Uncomplicated cases of ALA usually present with a short history of fever and abdominal pain in the right upper quadrant. Most patients experience symptoms two to four weeks after the exposure; however, in travellers, lag times have been recorded to range from 23 to 563 d[31,32]. At the time of diagnosis, less than one-third of the patients have diarrhea, only about 10% of patients have jaundice, and 5%-14% of cases have pulmonary symptoms like chest pain and shortness of breath. Recently, three distinct clinical presentations of ALA have been described according to the severity and duration of symptoms[22,32]. These include: (1) Acute aggressive ALA - characterized by acute onset of severe symptoms, systemic toxicity, markedly deranged laboratory parameters, and high risk of rupture requiring a drainage procedure; (2) subacute mild ALA - characterized by mild-to-moderate symptoms with onset within 2-4 wk, usually responding to the medical therapy; and (3) chronic indolent ALA - characterized by late presentation (＞ 4 wk) with mild persistent symptoms including pain in abdomen. Such patients have a well-formed wall with only a negligible risk of rupture; yet, drainage may be necessary to reduce pain. Patients with complicated ALA have variable presentations depending upon the nature and severity of complications. Most complications of ALA are related to its rupture into the adjacent structures, vascular thrombosis or compression, and secondary bacterial infection[22].

COMPLlCATlONS OF ALA

Various complications resulting from ALA has been described in the literature (Figure 1). These complications can be broadly divided into two groups: those associated with ALA rupture and those unrelated to it.

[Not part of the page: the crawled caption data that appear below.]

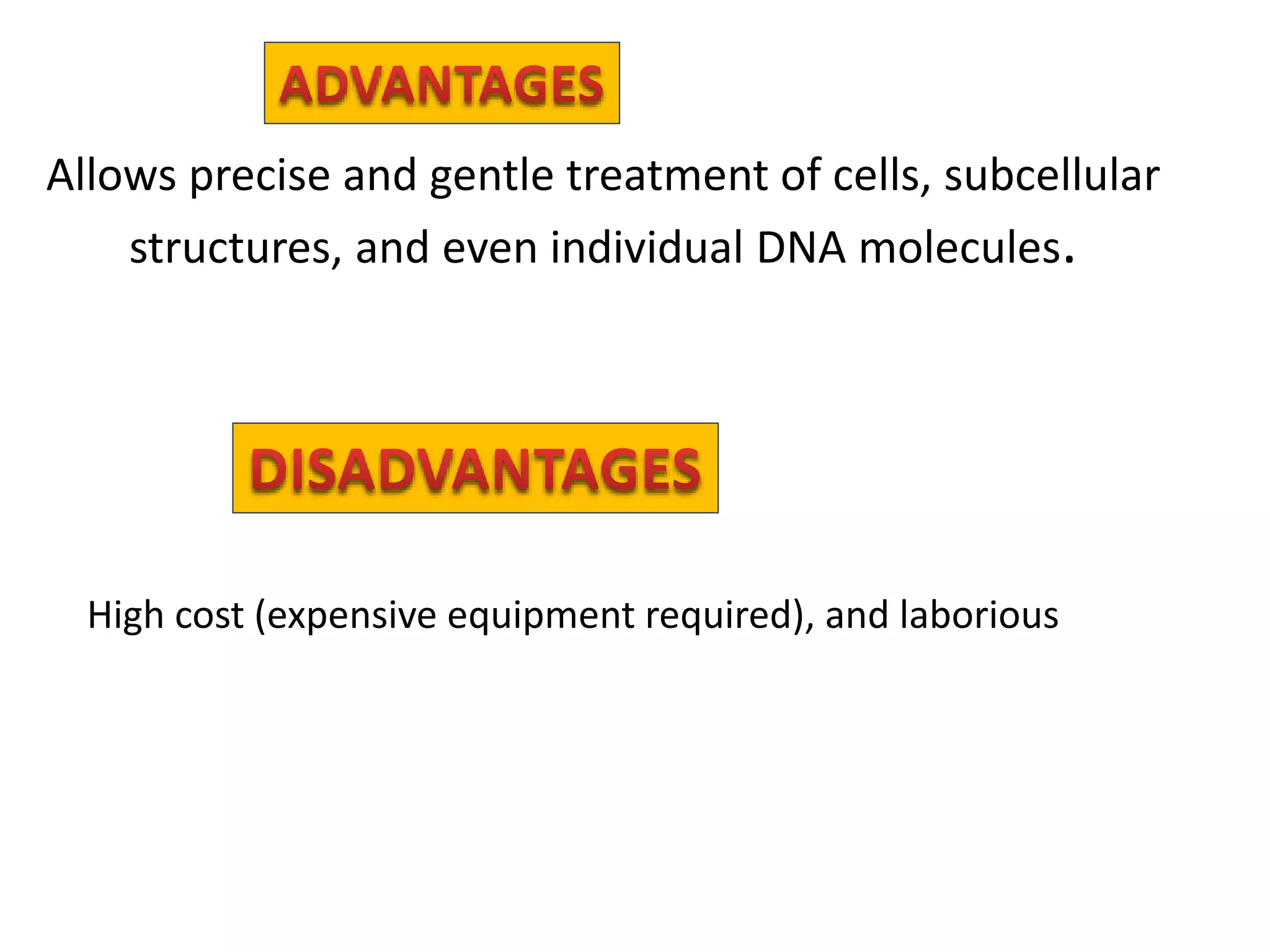 Direct transformation in plants | PPT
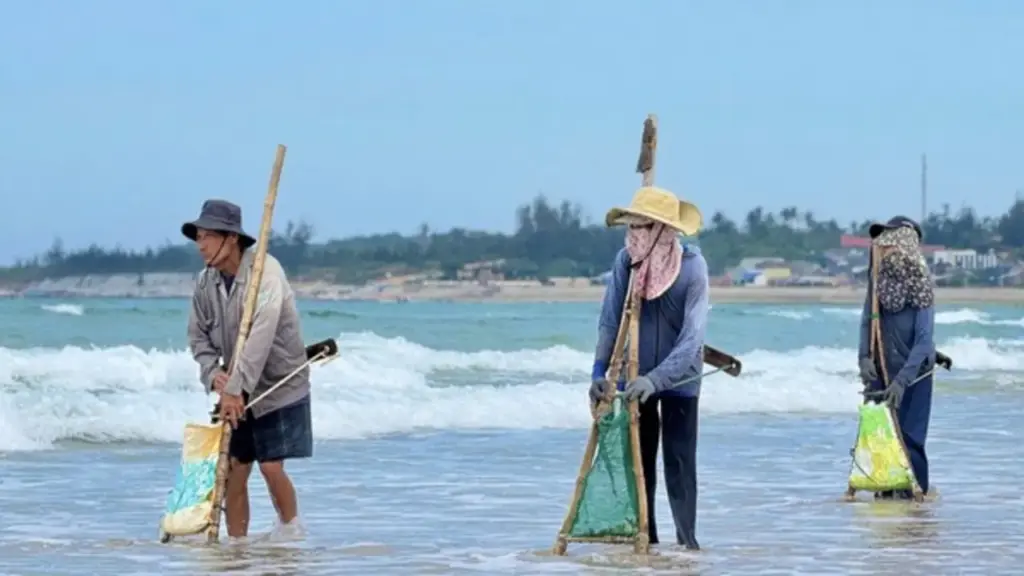 Nghề đi lùi trên bãi biển Quảng Ngãi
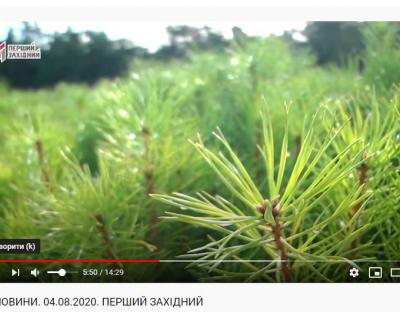 «Перший Західний»: На Львівщині вирощують ліс за сучасними технологіями (Відео)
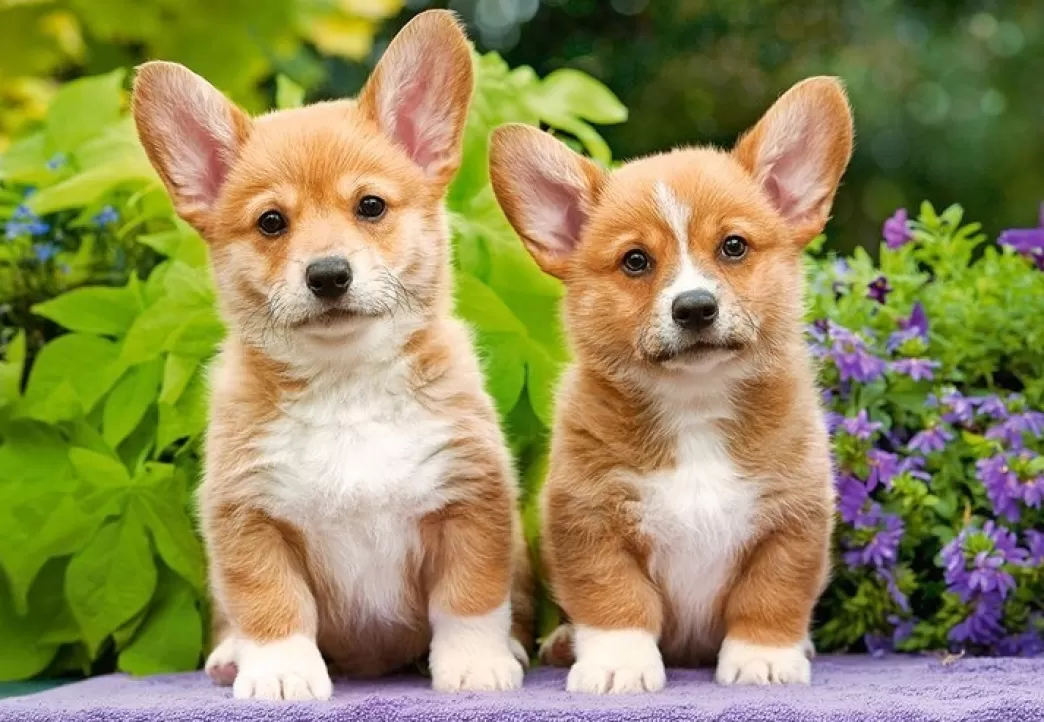 Castorland Hondenpuzzels>: Welsh Corgi Puppies (1000) Hondenpuzzel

Figure 1 Complications of amebic liver abscess. The complications can be broadly divided into two groups: Those related to amebic liver abscess rupture and those that are not. The common complications included rupture into the adjacent structures, vascular thrombosis, and secondary bacterial infection. ALA: Amebic liver abscess; SIRS: Systemic inflammatory response syndrome.

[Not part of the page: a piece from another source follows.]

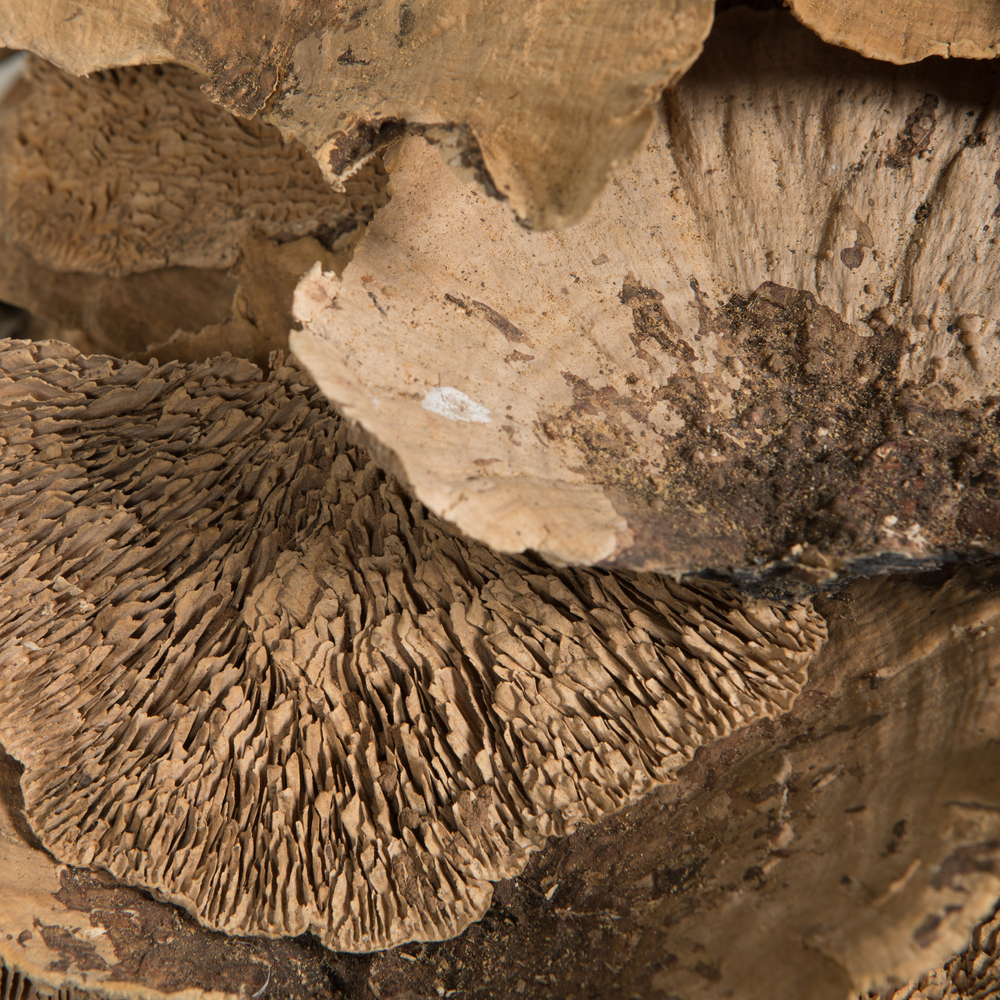 4"-6" Sponge Mushroom Med 50/pk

Complications due to rupture of ALA

The incidence of ALA rupture varies from 6% to 40%[22]. In terms of the sites of rupture, the intraperitoneal site currently predominates over pleuropulmonary rupture (10%-24%vs4.2%-7%)[33,34]. In a study by Priyadarshiet al[19], intraperitoneal rupture accounted for 83% of all 117 patients with ruptured ALA. A larger proportion (80%) of thoracic complications of ALA include sterile reactive pleural effusion rather than amebic empyema secondary to rupture[22,34]. Cardiac tamponade resulting from the rupture of the left lobe of ALA into the pericardium is one of the most serious complications of ALA[35,36]. Rupture of biliary ducts into the abscess cavity can result in biliary fistula, which is more common in large and centrally located ALA[22]. Although rupture of ALA into the hollow viscus leading to result in hepatic fistulas (hepatobronchial, hepatogastric, hepatoenteric and hepatocolonic fistula) is rare, such complications are often innocuous because of the spontaneous drainage of the abscess through the fistula[37-39].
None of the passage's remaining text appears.